Its spring season bursts with a bloom
of yellow joy. In this season its stem is usually shorter, holding it
closer to the ground.
Then summer finds it closing itself up
looking almost as if it has not bloomed at all.
In the autumn of its living the stem
grows long, sometimes increasing by several inches. Imagine the work
that is taking place in that little flower during its summer and
autumn stages.
But then finally comes its winter, when
the closed up bloom opens itself wide forming a full round ball of
seeds prepared to fly. It fascinates me that the round puff-ball even
looks a bit grey, like the grey hair of us in our winter.
Compare the grey puff ball to its much
younger version, the yellow flower.
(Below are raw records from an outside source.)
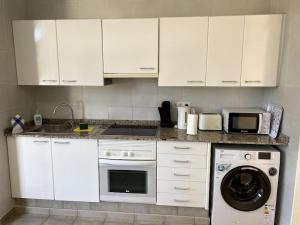 コスタ・テギセにあるCasa Louiseのキッチン(白いキャビネット、洗濯機付)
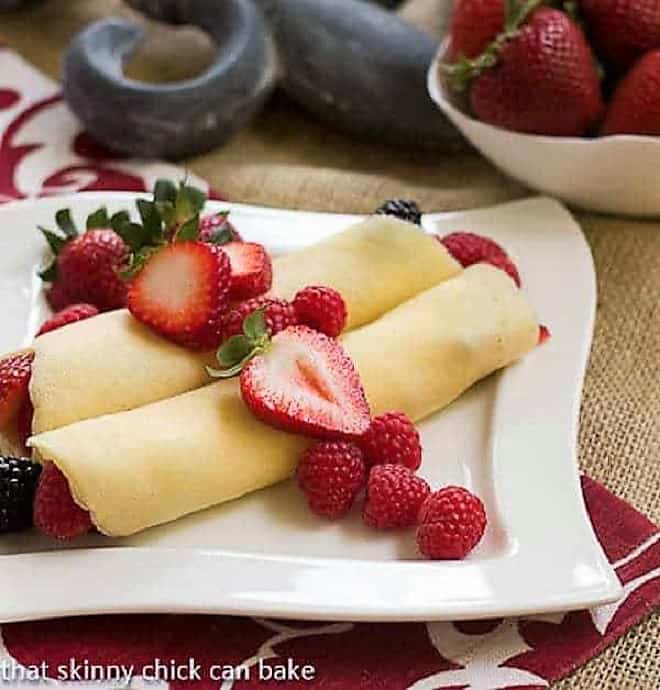 Brown Butter Crêpes with Berry and Cheesecake Filling on a square, wavy white plate.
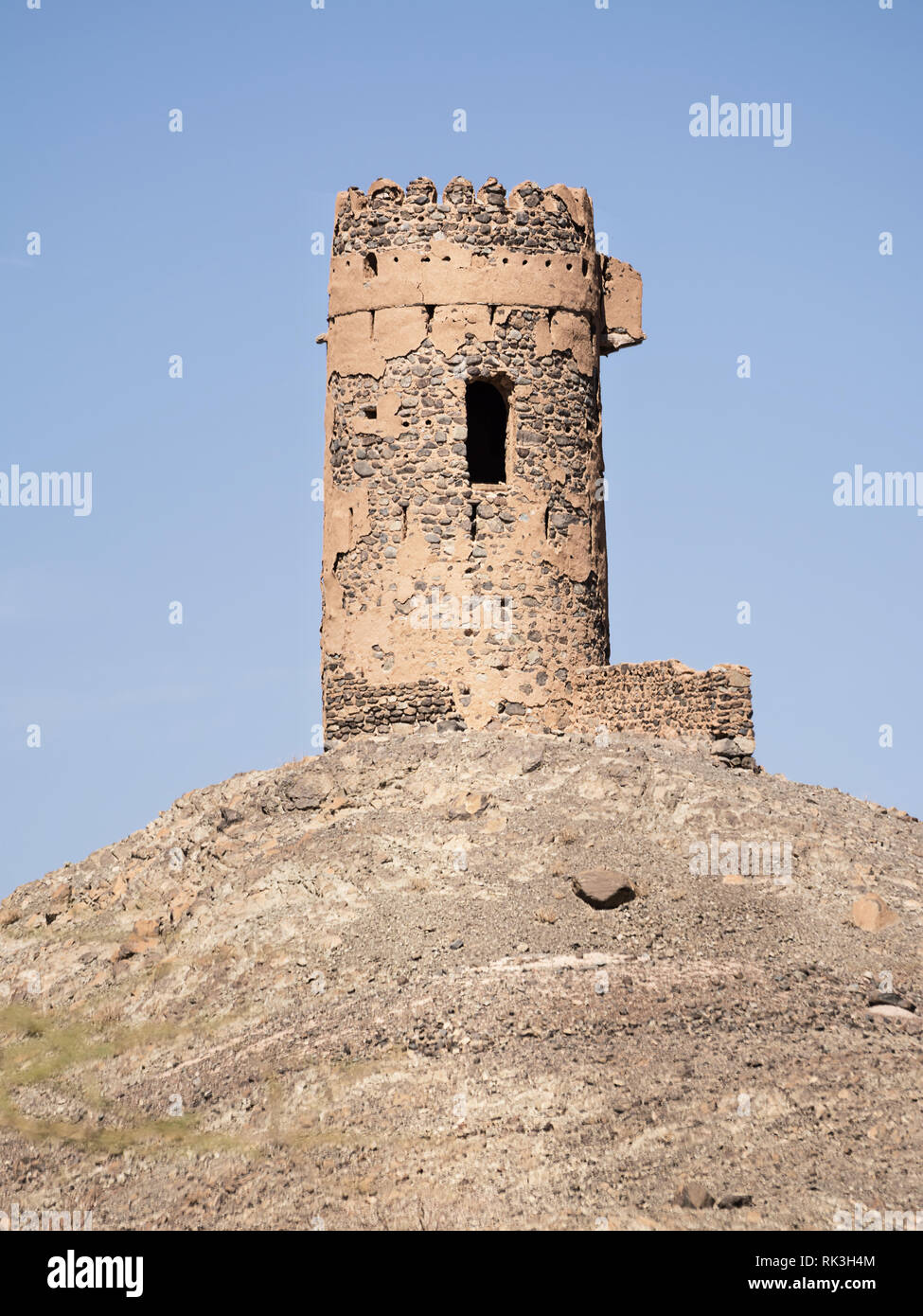 Ancient tower on top of a rocky hill in Oman Stock Photo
While the flower is a beautiful
blast of color, it does not yet have the ability to produce the
hundreds of seeds the grey-haired puff ball is able to give. The grey
puff ball would be woefully amiss if it struggled over its loss of
youthful color; what a waste of focus that would be. For indeed, the
yellow flower was destined to close itself up so that in the end the
ultimate purpose of its existence could be fully known. It must die
to its youth in order to produce what is needed. New-life coming from
new seeds.
It's a breathtaking reminder, that the
grey puff ball sits perfectly still until the wind touches it,
grabbing hold of its ready seeds and carrying them at will to the
places of its choice. If not the wind, then a bird will indulge in
the meal it provides and even still then, it will be carried on wings
to many other places. And sweet is the picture when a child eagerly
plucks the round seed head and “helps” the wind do its job.
However it comes about, the end result is the same.
The seeds are carried.
The dandelion in its winter is able to
doing something new, something it's never done before. It releases
all it has left to give and life is multiplied.
One dandelion flower obediently living
out its seasons of life will produce well over 100 seeds. More than
one hundred new blooms will come because the one lived as it should
have.
Can we people say as much?
Does the tiny dandelion do its work of
living-and-giving better than we soul carriers?
If you're young, may this sharing
encourage you to live each season exactly as it should be.
Don't strain ahead trying to grow into
another season before it's time to be there. And someday when you're
old, don't pine away over the loss of your youth. Each season has a
wonderfully important purpose. Perhaps the winter season is the one
of most intense value; it is the one where multiplication should be
exponential if you've lived your other seasons well. If we can know
this in our youth, we can set ourselves up for a most beautiful
winter.
If your older, may this sharing
encourage you to embrace the wintry gift of multiplication. When
there should be nothing hindering our exposed worship with a life
raised high and nothing limiting the wind from carrying us. If we've
lived well, loved much, and grown in good ways, we now have the
chance to fly as the Windmaker carries us wherever He chooses.
Perhaps you'll multiply goodness in the generations after you as they
live out what you showed them. Or maybe you'll multiply your love of
God and Savior as you're legacy travels far. Maybe your life-work
will extend to places and people you never knew and in ways you never
imagined possible.
It's the very essence of the words,
“........to Him who is able to do far more ----- abundantly beyond
------- all that we hope for or imagine, according to the power that
works within us, to Him be the glory.......... to all generations
forever and ever. Amen.” (from Ephesians 3:20-21)
There is more to give. More to do. More
to share. More...........................
Notice how we can see further in the
forest when the winter trees stand brave and bare. If we will be
brave, bare winter trees, perhaps those younger than us can grow
stronger beside us. Isn't it the way of the great forests.
J. C. Penney said,
“I may be losing my ability to see in
my old age, but my vision is better than ever before.”
(Being on the other side of the world from them, i miss my mom and dad so much. Writing helps. And in writing this, i'm so very thankful for the way they are living their winter. They inspire. If you don't know them -- i wish you could. If you do, when you see them next -- give them an extra hug from their autumn-tree-daughter.)